NASA Releases List of Stunning Cosmic Targets for Webb Telescope’s First Images

NASA’s James Webb Space Telescope fully deployed its primary mirror into the same configuration it will have when in space during a deployment test in March of 2020. Credit: NASA/Chris Gunn

NASA’s James Webb Space Telescope will soon reveal unprecedented and detailed views of the universe, with the upcoming release of its first full-color images and spectroscopic data. For a hint at the incredible views, see the preview from Webb’s Fine Guidance Sensor.

Below is the list of cosmic objects that Webb targeted for these first observations, which will be released in NASA’s live broadcast beginning at 10:30 a.m. EDT (7:30 a.m. PDT) Tuesday, July 12. Each image will simultaneously be made available on social media as well as on the agency’s website. Webb is a partnership with ESA (European Space Agency) and CSA (Canadian Space Agency).

These targets listed below represent the first wave of full-color scientific images and spectra the observatory has gathered and the official beginning of Webb’s general science operations. They were selected by an international committee of representatives from NASA, ESA, CSA, and the Space Telescope Science Institute.

Hubble Space Telescope image of a turbulent cosmic pinnacle that lies within a tempestuous stellar nursery called the Carina Nebula, located 7600 light-years away in the southern constellation of Carina. One of Webb’s first released images will feature the Carina Nebula. Credit: NASA, ESA, M. Livio and the Hubble 20th Anniversary Team (STScI)

  • Carina Nebula. Located approximately 7,600 light-years away in the southern constellation Carina, the Carina Nebula is one of the largest and brightest nebulae in the sky. Nebulae are stellar nurseries where stars form. The Carina Nebula is home to many massive stars, several times larger than the Sun.
  • WASP-96 b (spectrum). WASP-96 b is a giant planet outside our solar system, composed mainly of gas. The exoplanet, located nearly 1,150 light-years from Earth, orbits its star every 3.4 days. It has about half the mass of Jupiter, and its discovery was announced in 2014.
  • Southern Ring Nebula. The Southern Ring, or “Eight-Burst” nebula, is a planetary nebula – an expanding cloud of gas, surrounding a dying star. It is located approximately 2,000 light-years away from Earth and is nearly half a light-year in diameter.

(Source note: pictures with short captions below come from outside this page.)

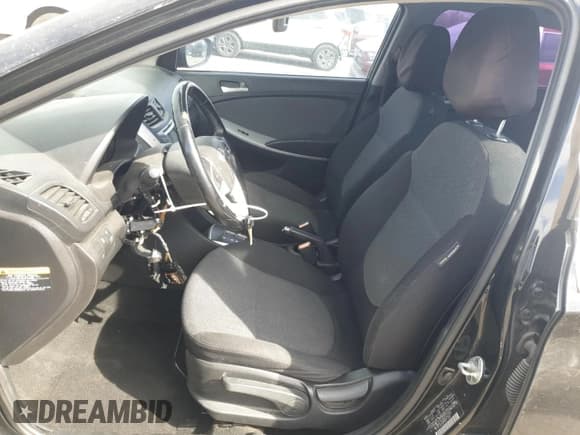 ✅ 2014 Hyundai Accent GS • VIN: KMHCT5AE9EU107345 • Lot: 75854264. Wystawiony na Copart z przebiegiem 110 184 mil. Bezpłatny archiwum sprzedaży aukcyjnych z USA i szczegółowy raport historii pojazdu na DreamBid. Zdjęcie 7.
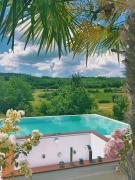 Villa Zvonar near Motovun with large pool and whirlpool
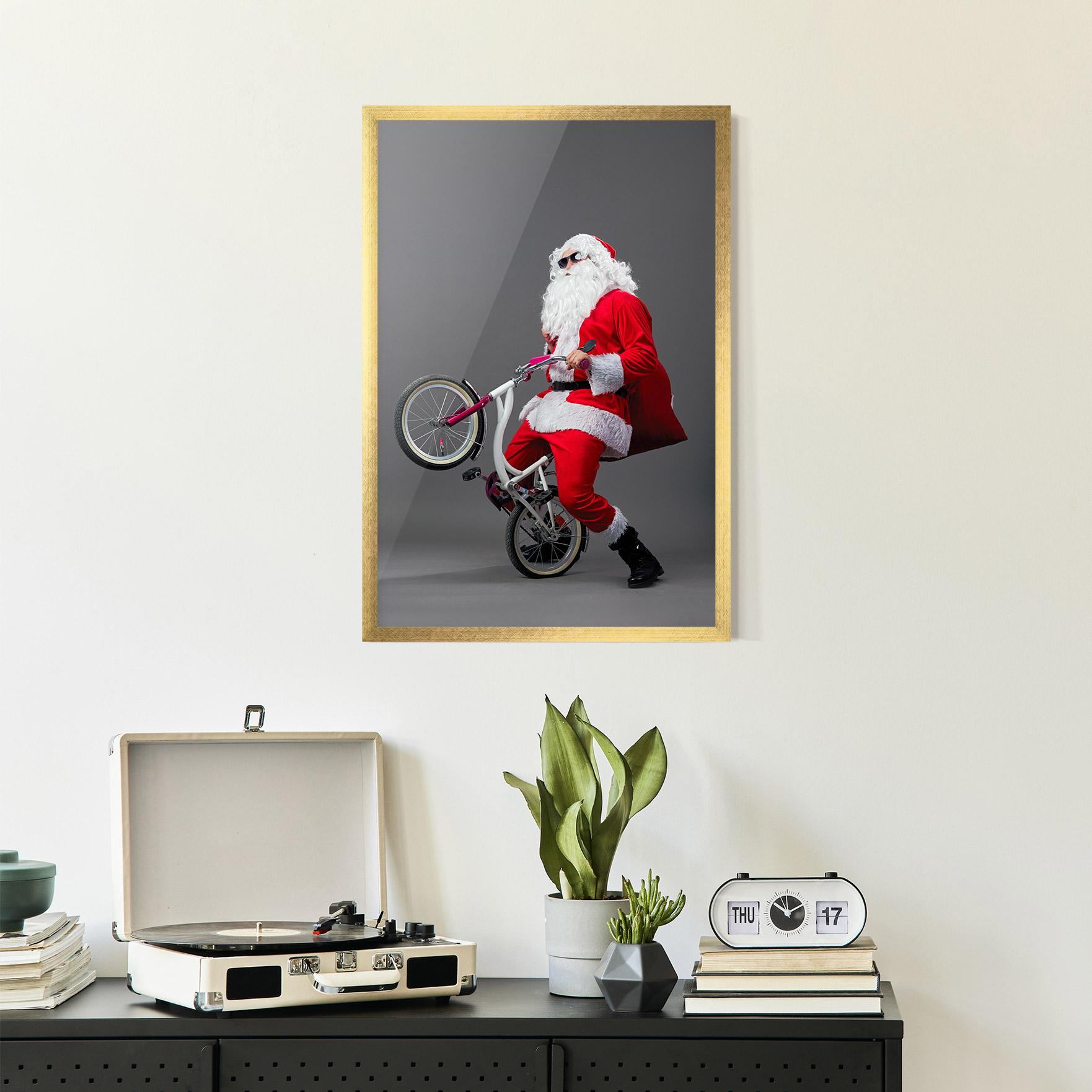 Gerahmte Poster Santa Rides Bicycle mockup 2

Hubble Space Telescope image of galaxy group Stephan’s Quintet, which is located in the constellation Pegasus. How will Webb’s view compare? Credit: NASA, ESA, and the Hubble SM4 ERO Team

  • Stephan’s Quintet: About 290 million light-years away, Stephan’s Quintet is located in the constellation Pegasus. It is notable for being the first compact galaxy group ever discovered in 1877. Four of the five galaxies within the quintet are locked in a cosmic dance of repeated close encounters.
  • SMACS 0723: Massive foreground galaxy clusters magnify and distort the light of objects behind them, permitting a deep field view into both the extremely distant and intrinsically faint galaxy populations.

The release of these first images marks the official beginning of Webb’s science operations, which will continue to explore the mission’s key science themes. Teams have already applied through a competitive process for time to use the telescope, in what astronomers call its first “cycle,” or first year of observations.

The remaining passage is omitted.